Hati-hati saya menjawab, mungkin (padahal pasti) Lebaran nanti saya dan keluarga tak akan pulang. Antara mengikuti himbauan pemerintah atau ketakutan akan hal-hal tak tentu yang semakin pasti tak pastinya. Kenyataan demi kenyataan yang hanya bisa diterima tanpa dimengerti. Belum mampu dicerna habis.

Salah satunya, bahwa manusia ternyata bisa sesakti sekaligus setidakberdaya itu. Bisa membawa penyakit tanpa merasa sakit. Di saat yang sama penyakit yang tak sadar ia bawa bisa membuat orang lain pergi selamanya.
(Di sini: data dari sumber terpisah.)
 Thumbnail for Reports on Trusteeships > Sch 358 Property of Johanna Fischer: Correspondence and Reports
Kapan pulang?  Saat pertanyaan itu bergaung di ruang kepala, di TV, ada berita gelombang perantau sudah tiba di kampung halaman. Dari bus-bus antarkota, mereka turun membawa ransel berisi tanda tanya tanpa titik dan harapan yang pudar. Mungkin mereka kuli-kuli panggul Pasar Tanah Abang yang justru tutup jelang  puasa. Atau buruh-buruh harian yang sejak kemarin belum makan, tak ada pekerjaan. Di kota, jika tidak mati karena wabah, bisa jadi mereka lebih dulu mati kelaparan di kontrakan petak sesak penghuni.
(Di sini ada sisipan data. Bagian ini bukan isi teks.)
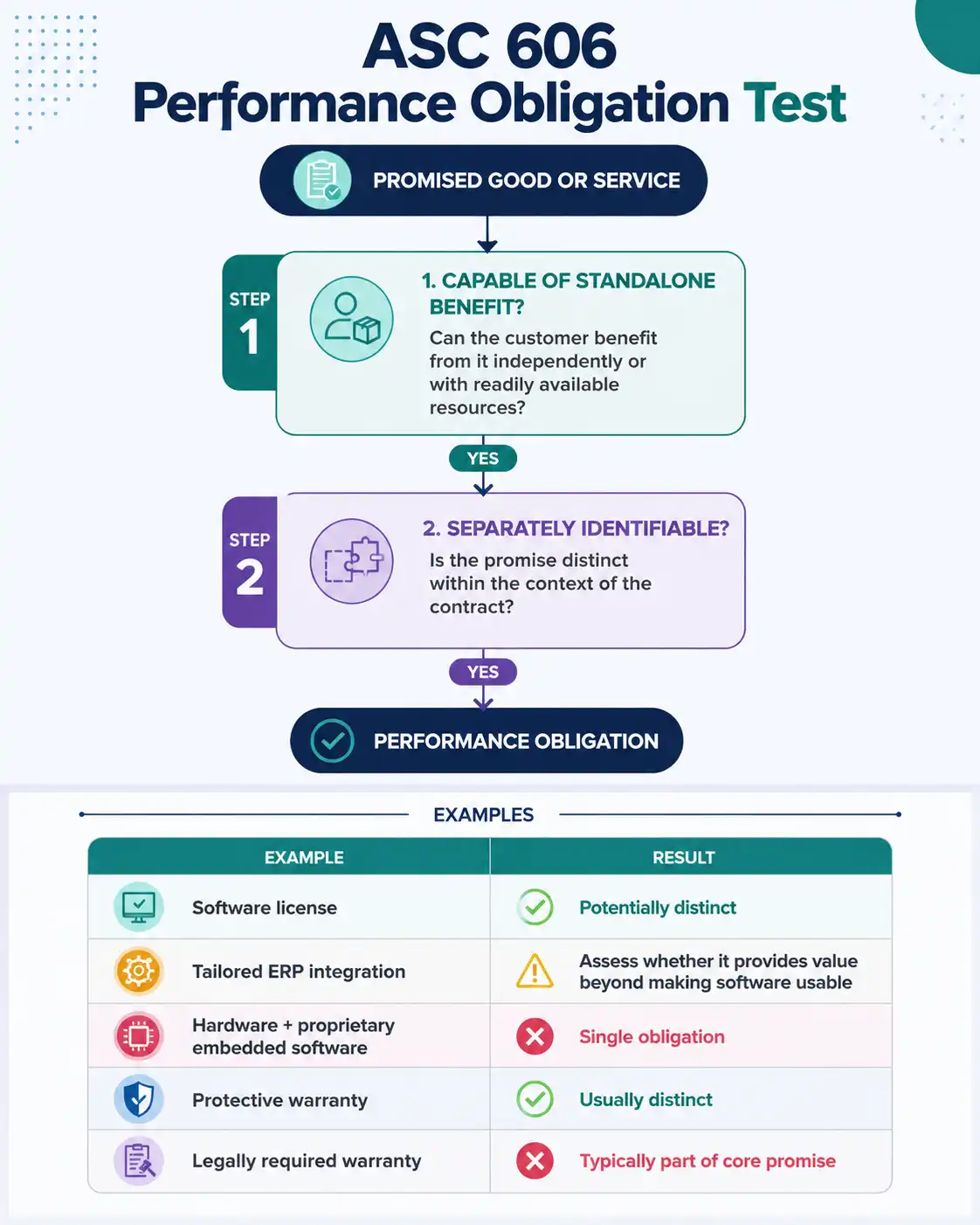 ASC 606 performance obligation test flowchart with standalone benefit and separately identifiable criteria, plus real-world examples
"Di kampung, nggak ada uang masih bisa makan," kata seorang pria saat diwawancara.
Kota memang penuh dengan tanya, seperti dalam lirik lagu "Rumah Kita" (haruskah kita beranjak ke kota yang penuh dengan tanyaaa). Ian Antono memang menulis lagu ini karena rindu kampung halamannya setiba di Jakarta. Sedetik saya berpikir, lagu ini seharusnya cocok untuk mencegah urbanisasi. Haha. Tapi lagu yang sama sedang ramai dinyanyikan lagi sebagai himne diam di rumah. Dinyanyikan orang-orang yang kebanyakan (mampu) diam di kota.
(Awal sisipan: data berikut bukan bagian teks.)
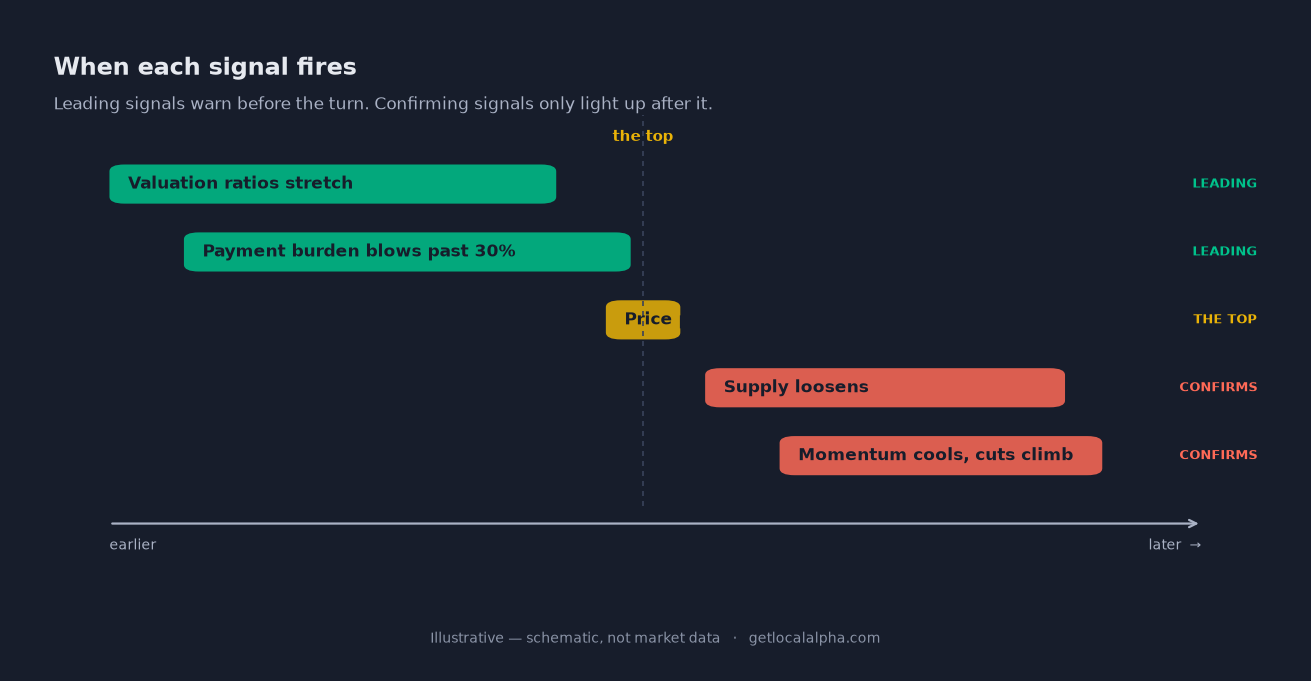 A timeline showing valuation and payment signals stretching before the price peak, while supply and momentum signals only light up after it.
Kapan pulang?  Saya ingin pulang dan tak kembali ke dunia yang kini jadi serupa fiksi fantasi ini. Dunia yang tanpa ampun mendesak orang pada realita kelas sosial di mana ia berada. Di antaranya, tentu saja, ada yang terhimpit antara arahan tak boleh pulang, tapi juga tergagap-gagap bertahan di kota.